Melek Zeynep Bulut, yapıtın gördüğü ağır ilgiye de değinerek, “AKM standı, beklediğimizden çok daha ses getiren, kent dışından dahi insanları ağırlayan bir stant oldu. Umarım Türkiye kamusal sanatına kıymetli bir katkısı olmuştur. AKM’deki küratöryel yaklaşımımız ise ismine ‘dünya’ dediğimiz tüm bu katılığa idi. Tüm bu kent sıkışıklığı içerisinde temelini yanında götüren, köklenmeyen bir anıt var elimizde. Hem her yere ilişkin hem de hiçbir yerin değil. İnsanoğlunun tabanla ilgisine de hoş atıfları var. Yapıtın, bu kadar beşere hitap etmesinin sebebinin hepimizin bilinçaltındaki ortak formlara temas etmesi, manalarla buluşması olduğunu düşünüyorum” tabirlerini kullandı.
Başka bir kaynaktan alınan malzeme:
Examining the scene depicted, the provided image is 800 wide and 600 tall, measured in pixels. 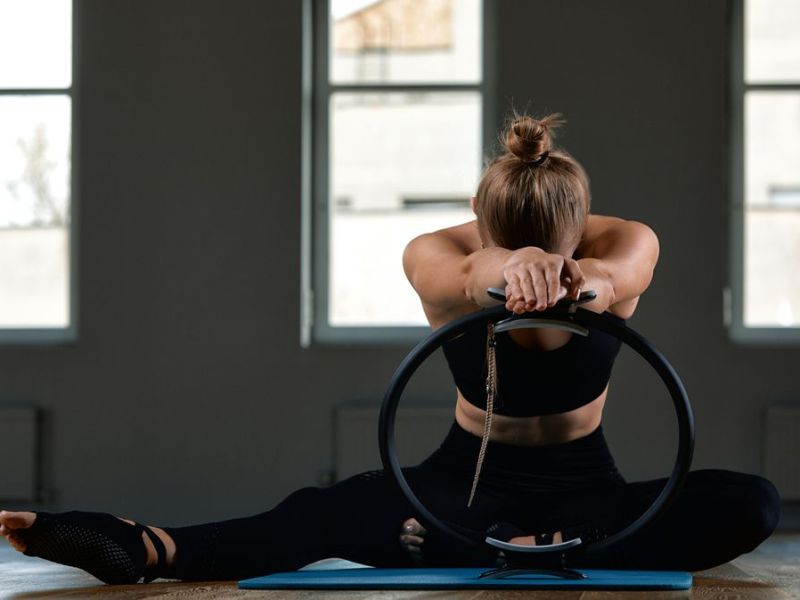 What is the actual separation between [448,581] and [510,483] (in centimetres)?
21

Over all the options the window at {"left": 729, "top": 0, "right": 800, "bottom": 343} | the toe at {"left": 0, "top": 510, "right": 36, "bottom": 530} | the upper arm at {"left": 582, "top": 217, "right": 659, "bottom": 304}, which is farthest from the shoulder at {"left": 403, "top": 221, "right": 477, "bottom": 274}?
the window at {"left": 729, "top": 0, "right": 800, "bottom": 343}

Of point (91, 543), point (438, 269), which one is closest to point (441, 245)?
point (438, 269)

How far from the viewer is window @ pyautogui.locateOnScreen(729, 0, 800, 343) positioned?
11.3 ft

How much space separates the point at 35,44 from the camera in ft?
11.6

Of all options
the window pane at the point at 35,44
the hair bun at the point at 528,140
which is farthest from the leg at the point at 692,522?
the window pane at the point at 35,44

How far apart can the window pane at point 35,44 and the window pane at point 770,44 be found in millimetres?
2325

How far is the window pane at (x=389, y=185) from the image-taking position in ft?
11.4

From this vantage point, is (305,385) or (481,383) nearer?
(481,383)

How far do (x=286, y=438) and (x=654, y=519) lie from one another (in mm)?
1951

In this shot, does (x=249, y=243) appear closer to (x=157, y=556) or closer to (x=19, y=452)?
(x=19, y=452)

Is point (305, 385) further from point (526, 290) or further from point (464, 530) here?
point (526, 290)

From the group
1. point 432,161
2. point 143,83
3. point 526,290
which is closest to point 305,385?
point 432,161

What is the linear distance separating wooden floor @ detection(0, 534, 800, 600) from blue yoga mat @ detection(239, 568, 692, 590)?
19 mm

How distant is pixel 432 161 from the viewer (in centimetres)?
348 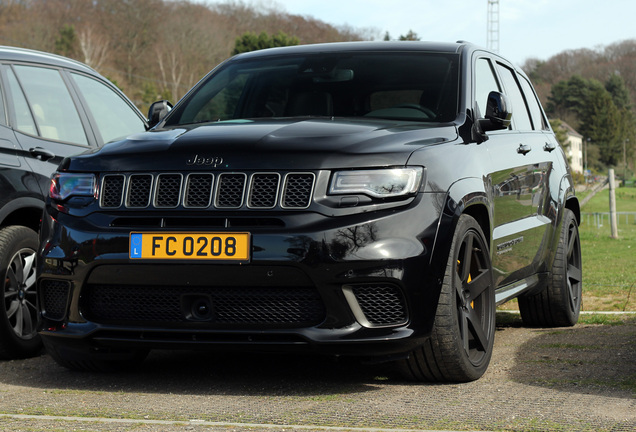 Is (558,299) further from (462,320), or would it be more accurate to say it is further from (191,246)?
(191,246)

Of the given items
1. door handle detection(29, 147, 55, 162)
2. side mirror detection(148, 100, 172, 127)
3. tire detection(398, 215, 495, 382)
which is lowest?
tire detection(398, 215, 495, 382)

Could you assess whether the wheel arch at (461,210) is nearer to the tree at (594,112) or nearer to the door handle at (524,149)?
the door handle at (524,149)

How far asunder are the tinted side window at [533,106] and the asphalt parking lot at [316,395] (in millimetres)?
1979

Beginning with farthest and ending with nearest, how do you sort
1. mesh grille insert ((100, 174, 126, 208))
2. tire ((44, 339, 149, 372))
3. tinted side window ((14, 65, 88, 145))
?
tinted side window ((14, 65, 88, 145))
tire ((44, 339, 149, 372))
mesh grille insert ((100, 174, 126, 208))

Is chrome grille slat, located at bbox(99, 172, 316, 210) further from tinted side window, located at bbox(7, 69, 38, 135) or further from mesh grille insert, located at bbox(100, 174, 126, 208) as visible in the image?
tinted side window, located at bbox(7, 69, 38, 135)

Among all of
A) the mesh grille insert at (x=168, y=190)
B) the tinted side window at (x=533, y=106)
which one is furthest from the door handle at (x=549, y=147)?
the mesh grille insert at (x=168, y=190)

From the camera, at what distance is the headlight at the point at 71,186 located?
4.79 meters

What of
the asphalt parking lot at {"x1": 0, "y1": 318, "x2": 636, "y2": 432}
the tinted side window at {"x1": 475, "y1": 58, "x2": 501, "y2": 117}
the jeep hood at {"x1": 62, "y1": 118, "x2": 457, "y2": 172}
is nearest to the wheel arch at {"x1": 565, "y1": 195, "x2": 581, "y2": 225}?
the tinted side window at {"x1": 475, "y1": 58, "x2": 501, "y2": 117}

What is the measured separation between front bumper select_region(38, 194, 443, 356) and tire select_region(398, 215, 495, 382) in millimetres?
132

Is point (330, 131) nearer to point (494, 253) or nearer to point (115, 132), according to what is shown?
point (494, 253)

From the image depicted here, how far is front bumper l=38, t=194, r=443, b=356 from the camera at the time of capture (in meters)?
4.32

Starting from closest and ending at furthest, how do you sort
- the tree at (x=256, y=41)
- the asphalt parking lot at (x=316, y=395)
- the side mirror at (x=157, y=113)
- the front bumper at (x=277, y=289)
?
1. the asphalt parking lot at (x=316, y=395)
2. the front bumper at (x=277, y=289)
3. the side mirror at (x=157, y=113)
4. the tree at (x=256, y=41)

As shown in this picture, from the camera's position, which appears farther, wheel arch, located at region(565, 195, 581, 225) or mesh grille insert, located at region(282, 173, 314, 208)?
wheel arch, located at region(565, 195, 581, 225)

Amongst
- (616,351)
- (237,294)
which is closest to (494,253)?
(616,351) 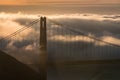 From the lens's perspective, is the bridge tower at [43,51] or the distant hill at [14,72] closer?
the distant hill at [14,72]

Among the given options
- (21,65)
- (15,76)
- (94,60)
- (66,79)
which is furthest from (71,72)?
(15,76)

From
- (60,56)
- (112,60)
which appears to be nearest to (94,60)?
(112,60)

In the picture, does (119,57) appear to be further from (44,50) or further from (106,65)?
(44,50)

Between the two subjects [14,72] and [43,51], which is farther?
[43,51]

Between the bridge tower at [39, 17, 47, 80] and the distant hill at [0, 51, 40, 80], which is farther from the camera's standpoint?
the bridge tower at [39, 17, 47, 80]

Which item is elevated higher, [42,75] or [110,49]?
[42,75]

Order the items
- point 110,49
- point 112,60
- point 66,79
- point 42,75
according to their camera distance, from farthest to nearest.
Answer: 1. point 110,49
2. point 112,60
3. point 66,79
4. point 42,75

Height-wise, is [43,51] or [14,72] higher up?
[43,51]

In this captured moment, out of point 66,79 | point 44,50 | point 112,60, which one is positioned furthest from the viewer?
point 112,60

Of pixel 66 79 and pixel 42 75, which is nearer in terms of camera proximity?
pixel 42 75

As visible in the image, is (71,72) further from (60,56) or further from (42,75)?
(42,75) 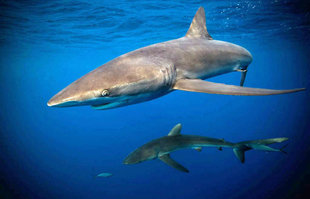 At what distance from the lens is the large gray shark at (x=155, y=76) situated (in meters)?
1.96

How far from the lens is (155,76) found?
2432 mm

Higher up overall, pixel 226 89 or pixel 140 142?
pixel 226 89

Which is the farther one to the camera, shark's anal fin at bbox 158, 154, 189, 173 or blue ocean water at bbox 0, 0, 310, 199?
blue ocean water at bbox 0, 0, 310, 199

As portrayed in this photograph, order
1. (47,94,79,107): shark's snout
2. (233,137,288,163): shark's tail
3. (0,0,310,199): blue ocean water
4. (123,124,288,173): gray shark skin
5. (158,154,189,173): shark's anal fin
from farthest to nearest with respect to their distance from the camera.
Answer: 1. (0,0,310,199): blue ocean water
2. (123,124,288,173): gray shark skin
3. (158,154,189,173): shark's anal fin
4. (233,137,288,163): shark's tail
5. (47,94,79,107): shark's snout

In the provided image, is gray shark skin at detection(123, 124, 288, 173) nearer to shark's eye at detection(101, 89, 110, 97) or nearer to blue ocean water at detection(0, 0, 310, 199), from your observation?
shark's eye at detection(101, 89, 110, 97)

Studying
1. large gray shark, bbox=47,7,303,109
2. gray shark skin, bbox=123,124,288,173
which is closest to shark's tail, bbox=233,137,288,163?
gray shark skin, bbox=123,124,288,173

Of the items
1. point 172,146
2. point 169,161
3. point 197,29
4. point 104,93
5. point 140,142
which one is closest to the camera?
point 104,93

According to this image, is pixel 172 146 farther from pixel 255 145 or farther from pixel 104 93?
pixel 104 93

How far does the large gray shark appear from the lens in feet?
6.42

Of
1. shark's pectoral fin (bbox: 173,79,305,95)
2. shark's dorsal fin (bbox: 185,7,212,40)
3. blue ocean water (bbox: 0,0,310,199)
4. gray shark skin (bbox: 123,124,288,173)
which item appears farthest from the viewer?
blue ocean water (bbox: 0,0,310,199)

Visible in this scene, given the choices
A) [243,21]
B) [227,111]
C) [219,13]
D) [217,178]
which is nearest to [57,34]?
[219,13]

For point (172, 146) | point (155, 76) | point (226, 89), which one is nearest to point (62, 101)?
point (155, 76)

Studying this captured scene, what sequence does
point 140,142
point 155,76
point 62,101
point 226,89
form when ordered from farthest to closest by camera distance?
1. point 140,142
2. point 155,76
3. point 226,89
4. point 62,101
Tasarladığı yapıtların sisteminin bağlam ve teknik olarak insan vücudunun bir düzeneği üzere davranmasını öncelediğine değinen sanatçı, şu bilgileri verdi:
“Açık Yapıt’ta akustik ve strüktür tasarım birleşiyor. Omurga dediğimiz strüktür aslında öteki hareketleri de tabiatı gereği beraberinde getiriyor ve bu hareket düzenekleri bizler için çok değerli ipuçları, ilhamlar barındırıyor. Bu yapıtta de bu türlü bir strüktürel kurguya itina gösterdik. Onunla karşılaşan, temas eden herkesin, rüzgarın dahi yönetebildiği lakin tıpkı vakitte kendi formundan çıkmayan bir niteliğe sahip.”
Sergiyi Cumhurbaşkanı Erdoğan’ın ziyaretiyle kapattıklarını lisana getiren mimar, “Bizim için çok gurur verici ve memnun olduğumuz bir ziyaret oldu. Yapıtı kendisine anlattım. Çok olumlu yorumlarda bulundu, keyifli oldu. Tebrik ve takdir etti. Bizim için çok pahalı bir hatıra oldu. Aslında Açık Yapıt arkası arkasına stantlar yapmayı planladığımız bir eser değildi. Fakat stantların gördüğü ilgi, ödül, kitaplar ve akabinde gelen tekliflerle süreç şekillendi, yapıtı çeşitli yerlerde sergiledik ve aslında yapıtın bağlamında da temelini yanında götüren, köklenmeyen bu bağlam kendini çalıştırmış oldu. Bundan sonraki seyahati sürpriz olsun daima birlikte görelim” dedi.